DATASET EXTRACT START
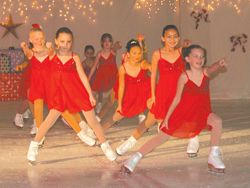 Classic Christmas on Ice. Photo by Andrew Kerstetter, Sublette Examiner.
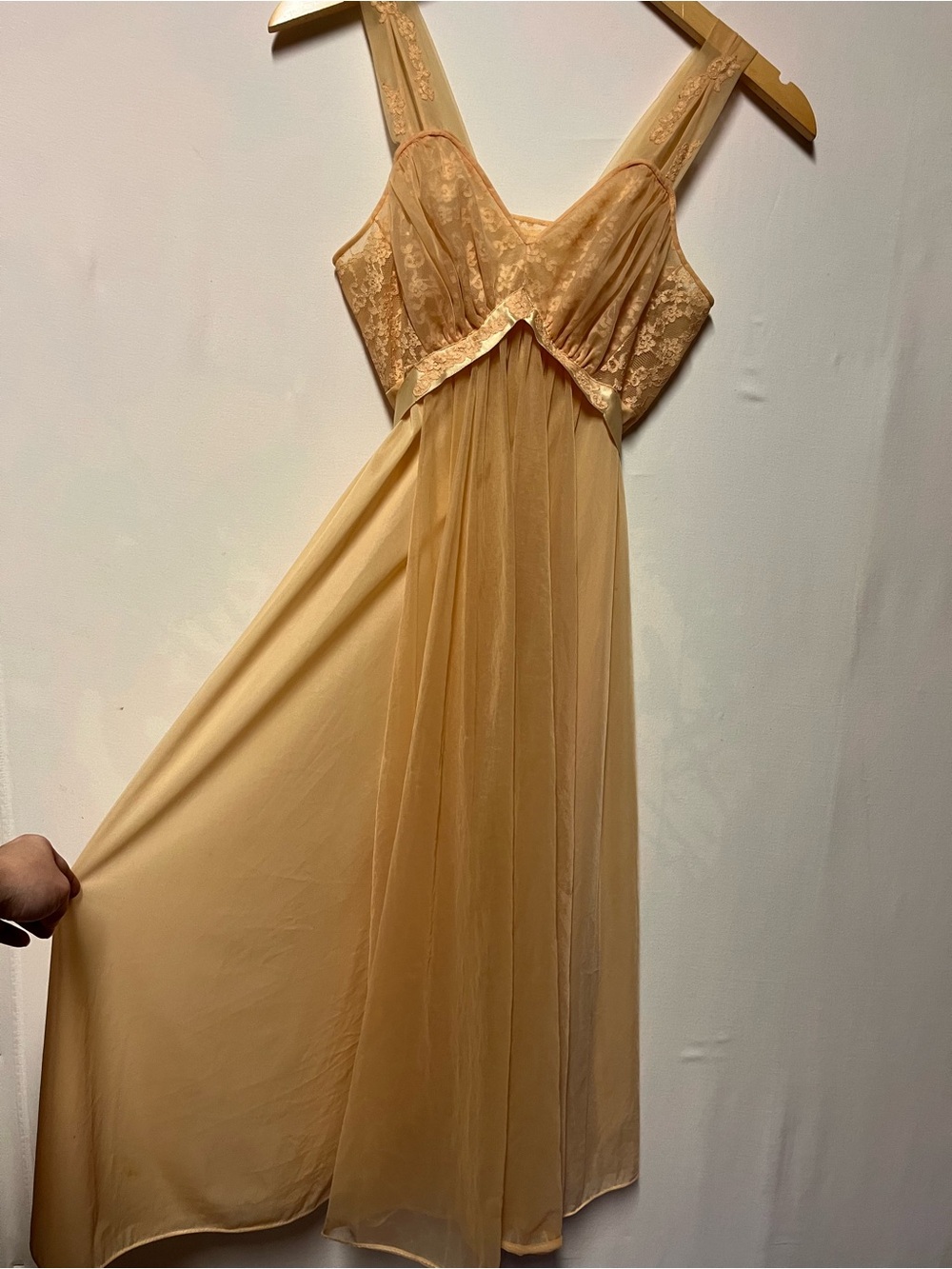 Vintage Vanity Fair 32 Champagne Nylon Lace Peignoir Nightgown Chemise Sheer - Picture 12 of 12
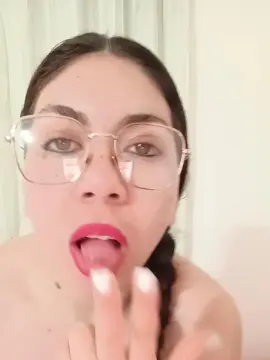 Cam4 Nude Webcam of Mia_essence24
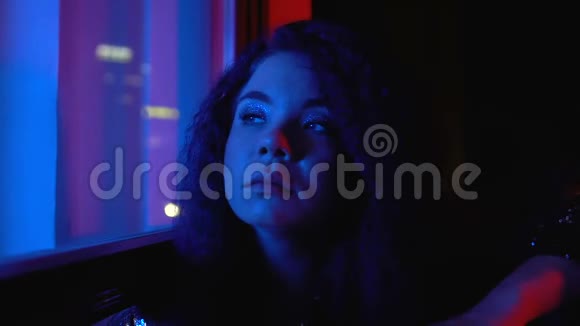 醉醺醺的女酒吧坐在露台上派对宿醉晚上的生活方式视频的预览图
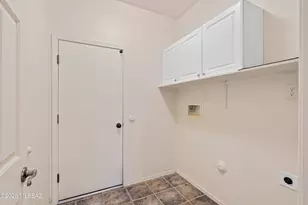 8140 N Iron Ridge Dr, Tucson, AZ 85743 - Photo 30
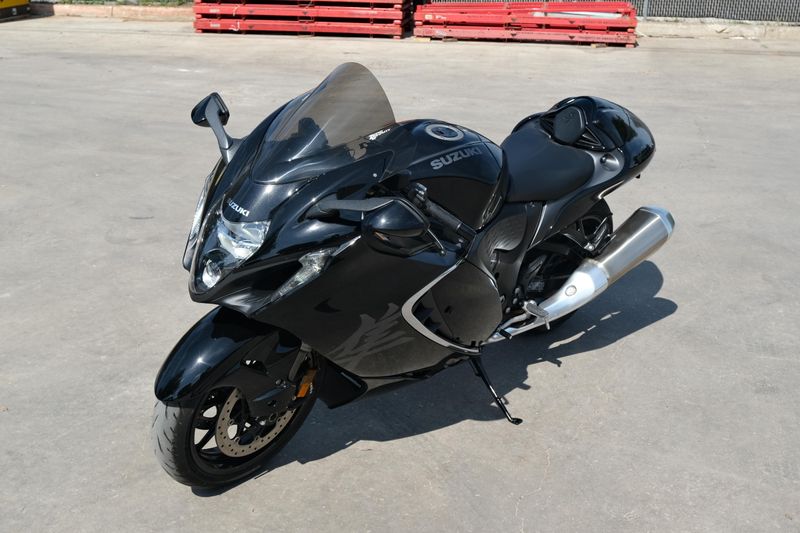 Used 2024 Suzuki HAYABUSA METALLIC MATTE BLACK NO 2 AND GLASS SPARKLE BLACK Image 7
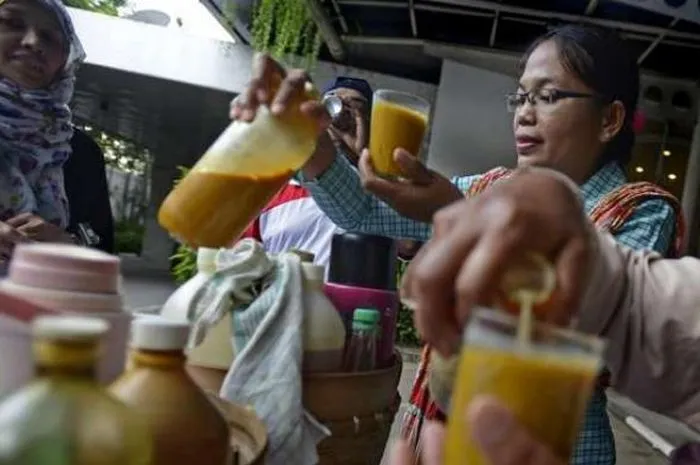 6 Manfaat Jamu Beras Kencur yang Sering Dibeliin Emak. Tenggorokan Hangat, Rasanya pun Enak 12
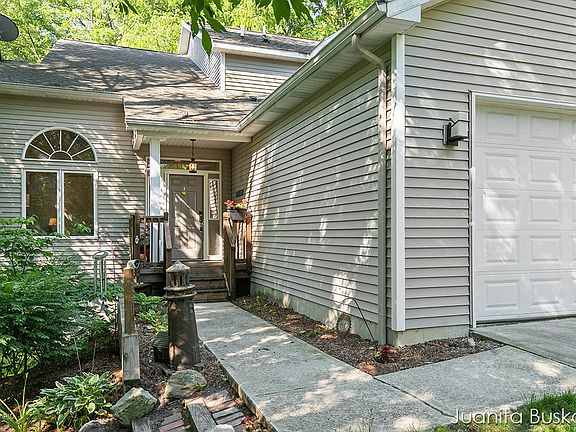 3rd image of 241 Lake St N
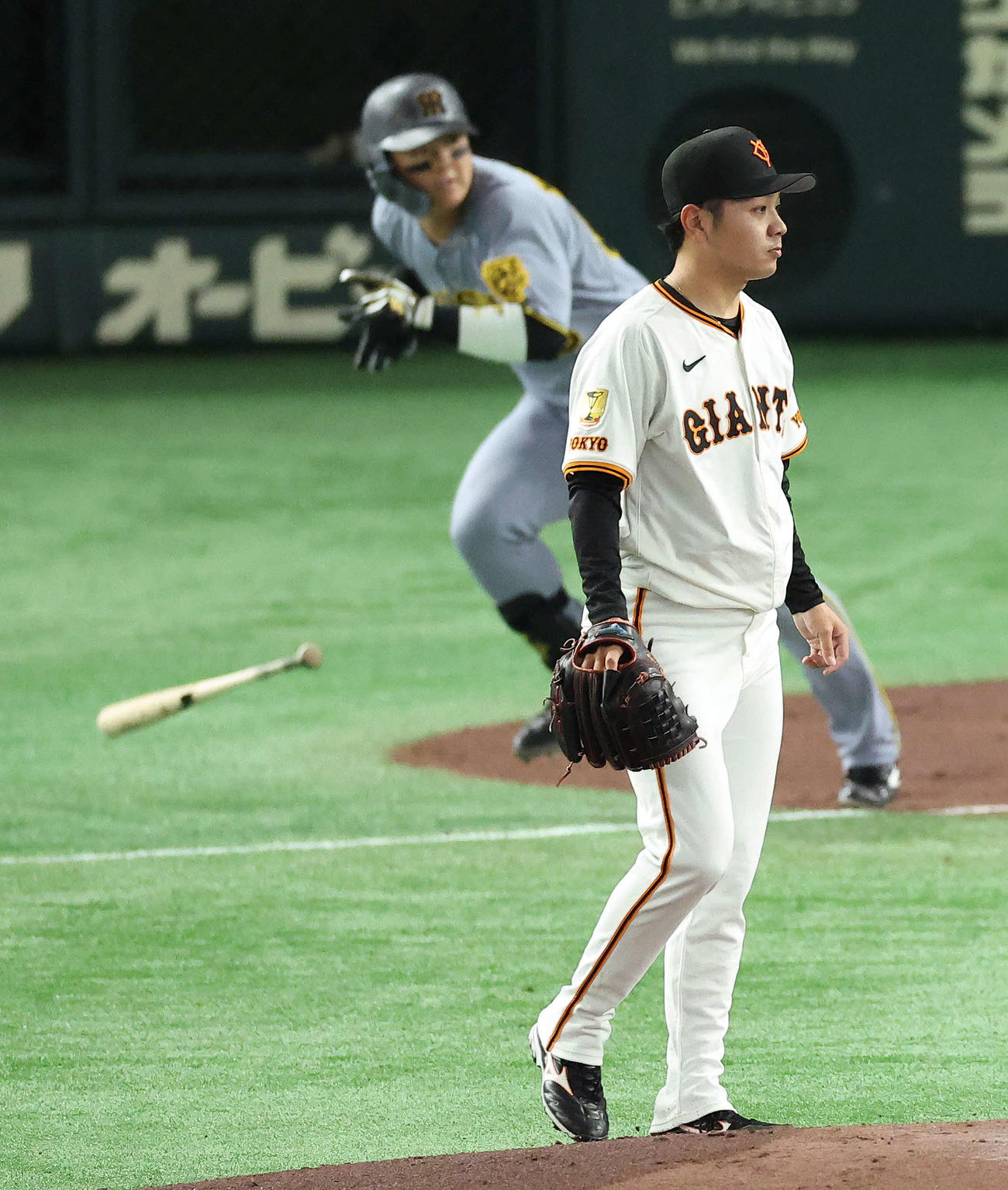 巨人対阪神　2回表阪神2死、前川を三ゴロに抑える石川（撮影・河田真司）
DATASET EXTRACT END
§ REQUIREMENT
Repeat only the lines between the start of the data and the line with "8140 N Iron", including those two lines, and skip the pictures.

§ WRITTEN RESPONSE
 Classic Christmas on Ice. Photo by Andrew Kerstetter, Sublette Examiner.
 Vintage Vanity Fair 32 Champagne Nylon Lace Peignoir Nightgown Chemise Sheer - Picture 12 of 12
 Cam4 Nude Webcam of Mia_essence24
 醉醺醺的女酒吧坐在露台上派对宿醉晚上的生活方式视频的预览图
 8140 N Iron Ridge Dr, Tucson, AZ 85743 - Photo 30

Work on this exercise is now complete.